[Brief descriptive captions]
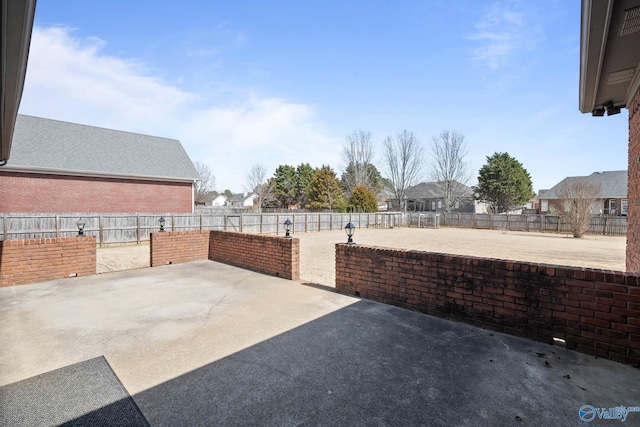 view of patio with a fenced backyard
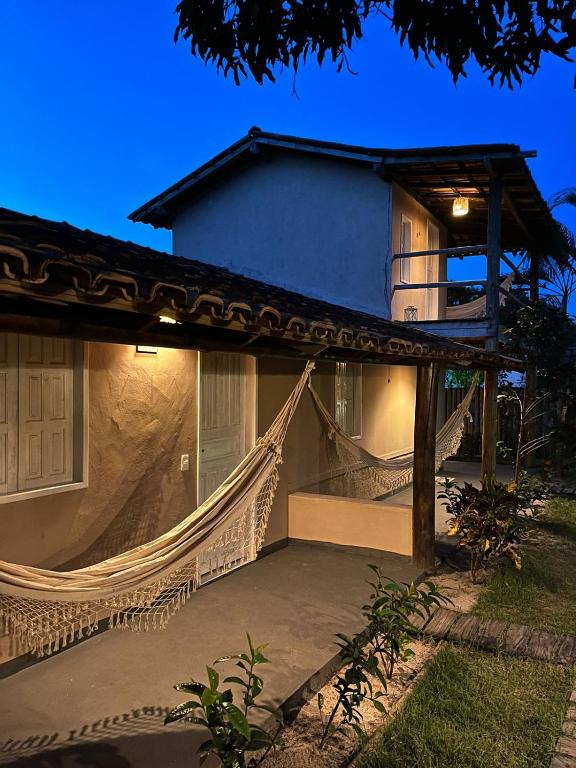 uma casa com uma rede na frente em Pousada Amora Caraiva em Caraíva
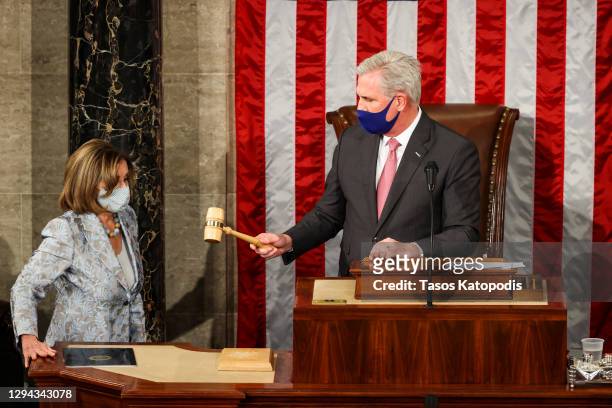 House Minority Leader Kevin McCarthy gavels in Speaker of the House Nancy Pelosi in at the US Capitol on January 03, 2021 in Washington, DC. Both...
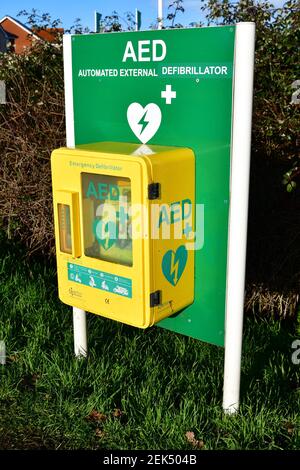 Automatisierter externer Defibrillator (AED) für die dringende Behandlung eines Herzinfarkts, auf Grasstreifen, Großbritannien Stockfoto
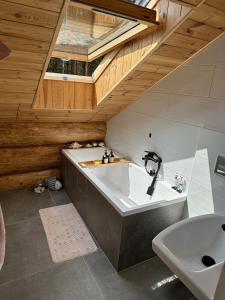 a bathroom with a bath tub and a sink at Wikno Villa in Nidzica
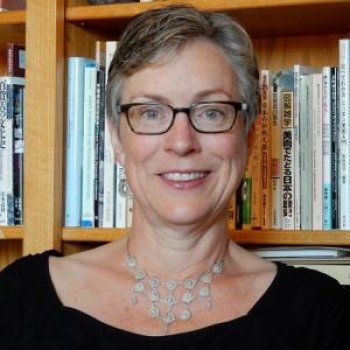 Headshot of Professor Julia Sapin in front of a bookshelf.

> [Problem to work on]: Set the pictures aside and repeat only the lines from the one containing "a bathroom with" through the last line of the entries above, exactly as they stand.

> [Answer to this problem]:
 a bathroom with a bath tub and a sink at Wikno Villa in Nidzica
 Headshot of Professor Julia Sapin in front of a bookshelf.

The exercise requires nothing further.